* **INFORMATION GIVEN**
=-=-=

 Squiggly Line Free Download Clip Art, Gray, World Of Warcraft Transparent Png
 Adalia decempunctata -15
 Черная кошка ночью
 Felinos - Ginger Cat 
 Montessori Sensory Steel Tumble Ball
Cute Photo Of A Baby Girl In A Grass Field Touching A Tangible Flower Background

=-=-=

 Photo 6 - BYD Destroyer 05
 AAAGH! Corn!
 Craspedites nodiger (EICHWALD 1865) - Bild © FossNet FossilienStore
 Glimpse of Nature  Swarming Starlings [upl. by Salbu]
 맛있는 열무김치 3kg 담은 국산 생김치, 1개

=-=-=

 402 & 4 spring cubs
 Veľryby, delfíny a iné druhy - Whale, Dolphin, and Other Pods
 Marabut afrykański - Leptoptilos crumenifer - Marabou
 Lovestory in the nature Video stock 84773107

=-=-=

* **WORK REQUIRED**
From the records above, give again exactly the lines running from the line with "AAAGH! Corn!" to the line with "맛있는 열무김치 3kg 담은 국산 생김치, 1개", inclusive.

* **EXERCISE RESULT**
 AAAGH! Corn!
 Craspedites nodiger (EICHWALD 1865) - Bild © FossNet FossilienStore
 Glimpse of Nature  Swarming Starlings [upl. by Salbu]
 맛있는 열무김치 3kg 담은 국산 생김치, 1개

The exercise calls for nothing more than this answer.